Computing Maximal Chains
Alberto Marcone, Antonio Montalb\'an, Richard A. Shore

TL;DR
The paper proves that while maximal chains exist in all well partial orders, they cannot be computed by hyperarithmetic sets, but almost all sets in the sense of category can compute such chains.
Contribution
It establishes the non-computability of maximal chains in all computable wpos by hyperarithmetic sets and characterizes the sets capable of computing strongly maximal chains.
Findings
Hyperarithmetic sets cannot compute maximal chains in all computable wpos.
Almost every set in the sense of category can compute maximal chains.

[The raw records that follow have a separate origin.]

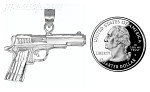 Sterling Silver Diamond-Cut Pistol Handgun Charm Pendant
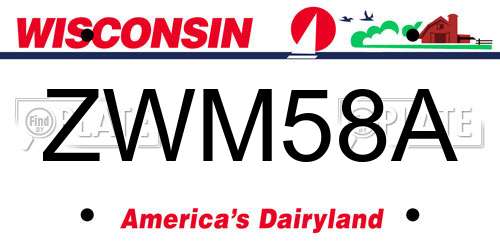 ZWM58A Wisconsin License Plate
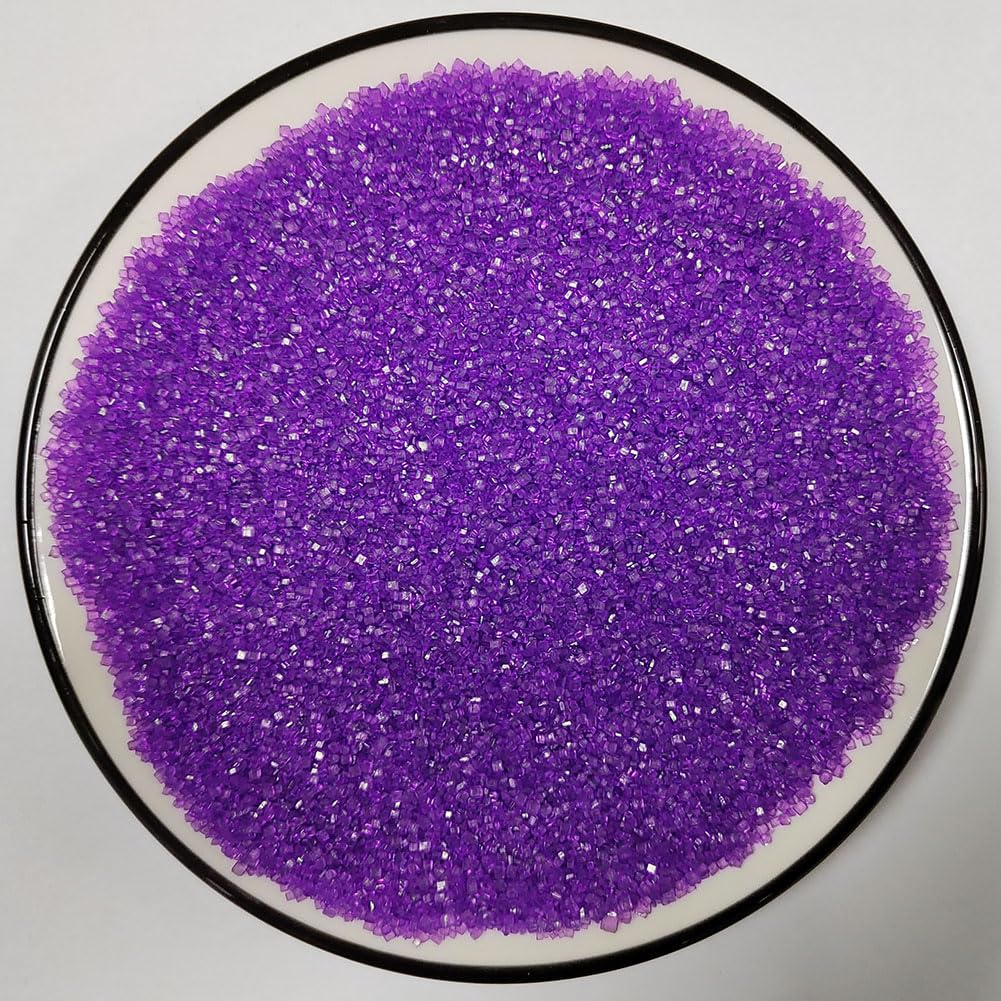 Senchanting Purple Sanding Sugar Sprinkles, Edible Crystal Purple Sanding Candy Sugar For Cake Decorating Wedding Party Baking C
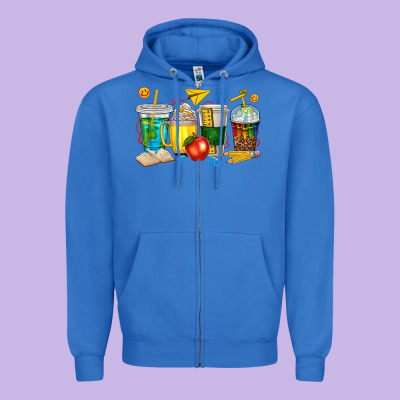 Teacher Coffee Cups Tbw Zipper Hoodie Designed By Texasbilliewilder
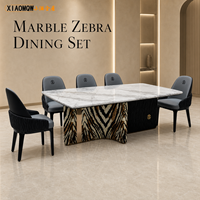Ensemble de table à manger ronde moderne de luxe avec plateau en marbre, 8 places, base à motif zèbre avec chaises rembourrées pour hôtel, restaurant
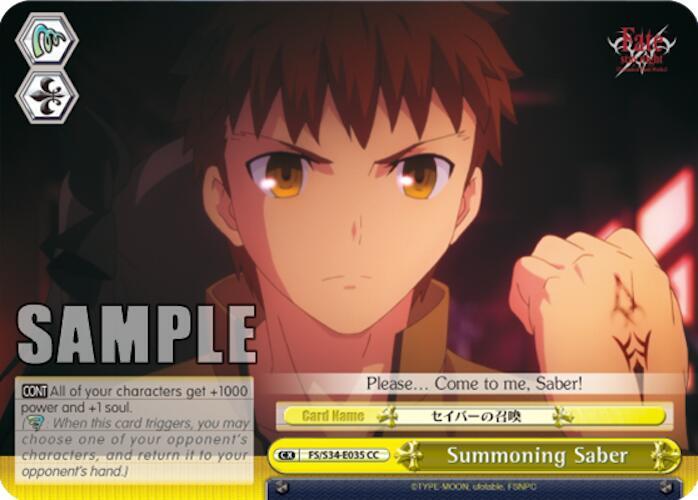 Summoning Saber FS/S34-E035 CC Fate/stay night [Unlimited Blade Works] Card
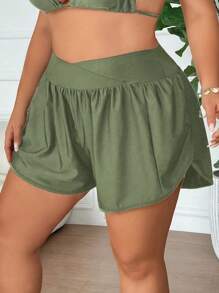 SHEIN CURVE+ Plus Size Solid Color Waist Cross-Tied Pleated Design Loose Slimming Beach Holiday Swimwear Bottom - Green - View 4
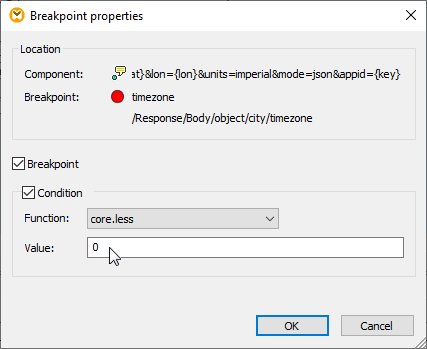 Breakpoint properties dialog for data transformation validation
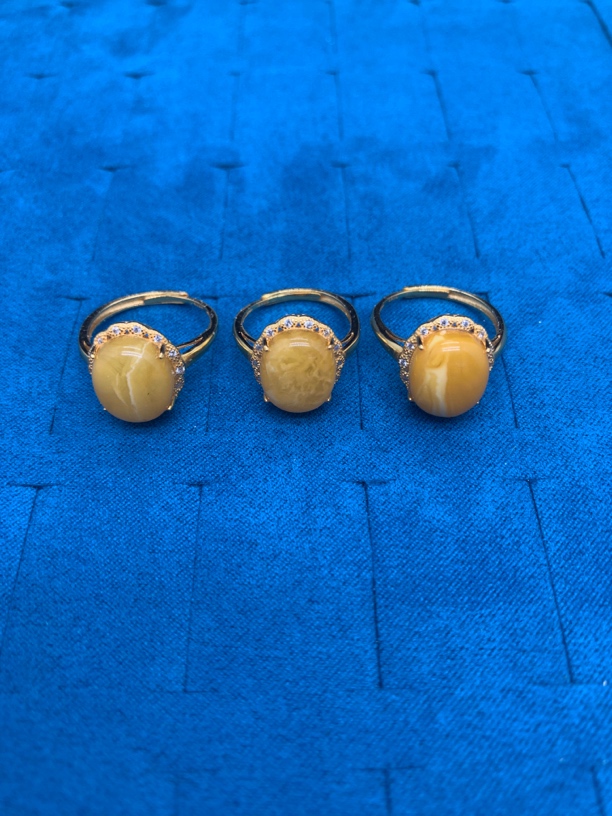 925银镀金镶嵌蛋面戒指 多样性发其一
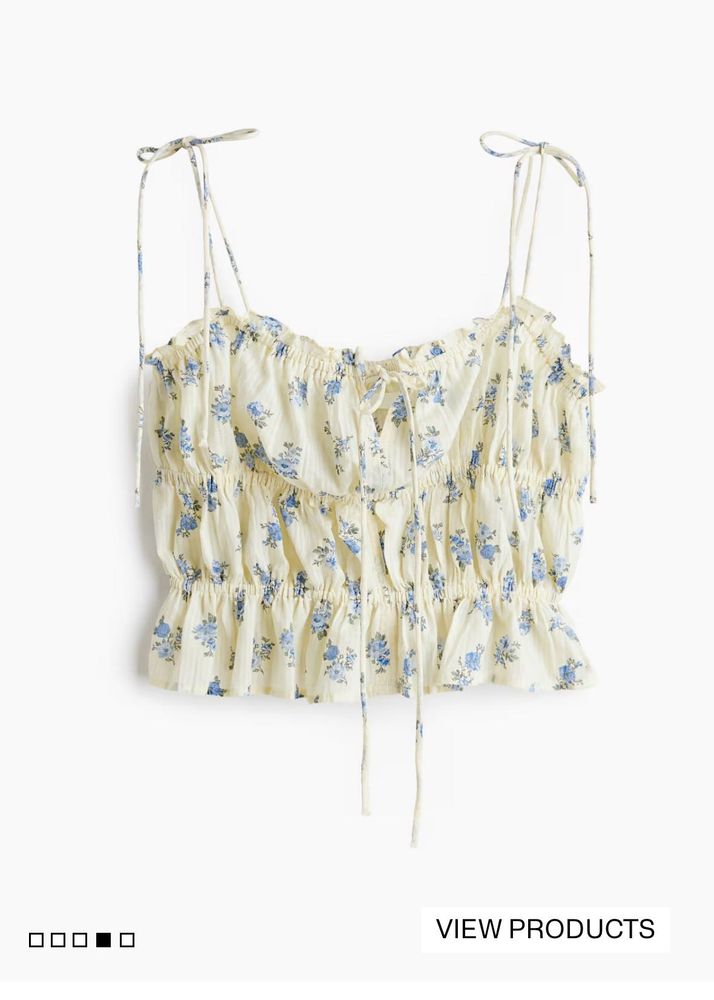 XS Floral Ruched Crop Top with Tie Straps
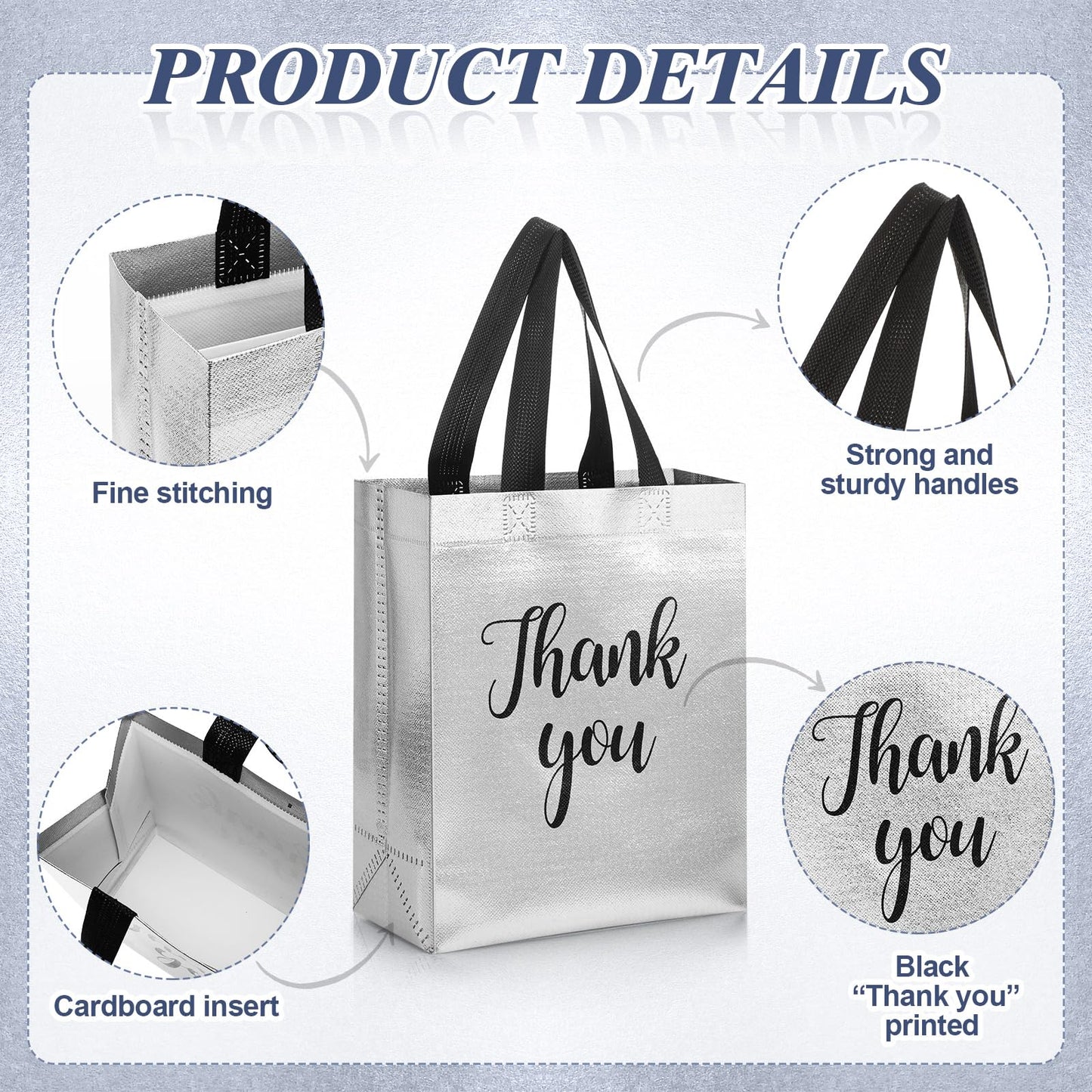 Fumete 50 Pcs Silver Glossy Thank You Gift Bag with Handles 8 x 4 x 10 Inch Non Woven Reusable Gift Bags for Graduation Fathers Day Wedding Birthday Party Engagement Anniversary Holidays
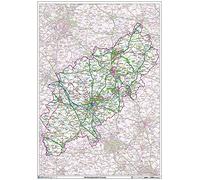 Northamptonshire County Map-Plastic Coated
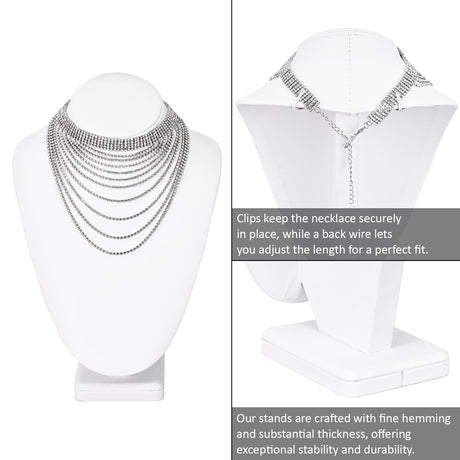 6 Pcs Jewelry Display Set, Premium White Faux Leather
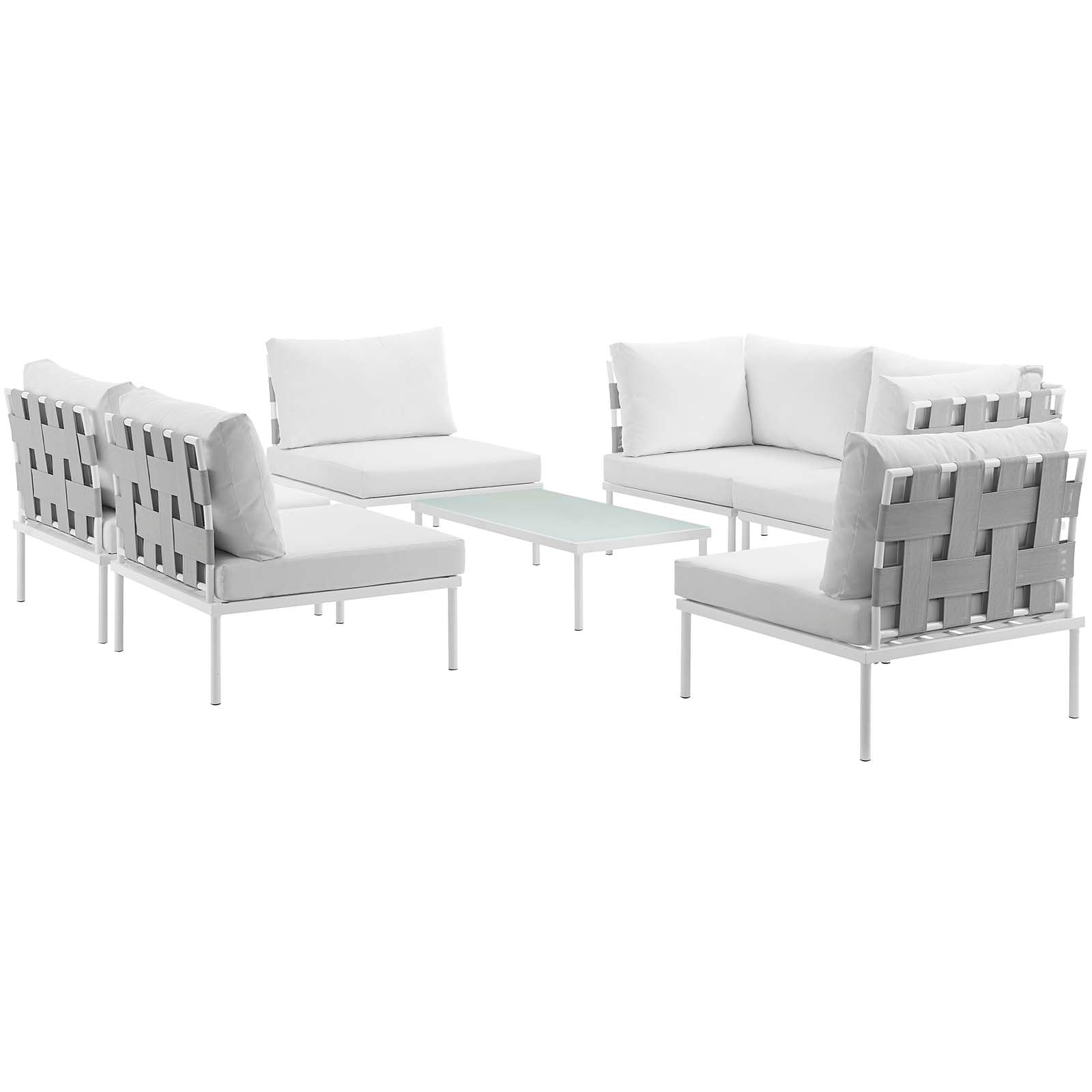 Modway Outdoor Conversation Sets - Harmony 132" 7 Piece Outdoor Patio Aluminum Sectional Sofa Set White White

Sets that compute strongly maximal chains are exactly those that compute all hyperarithmetic sets.
Abstract
In 1967 Wolk proved that every well partial order (wpo) has a maximal chain; that is a chain of maximal order type. (Note that all chains in a wpo are well-ordered.) We prove that such maximal chain cannot be found computably, not even hyperarithmetically: No hyperarithmetic set can compute maximal chains in all computable wpos. However, we prove that almost every set, in the sense of category, can compute maximal chains in all computable wpos. Wolk's original result actually shows that every wpo has a strongly maximal chain, which we define below. We show that a set computes strongly maximal chains in all computable wpo if and only if it computes all hyperarithmetic sets.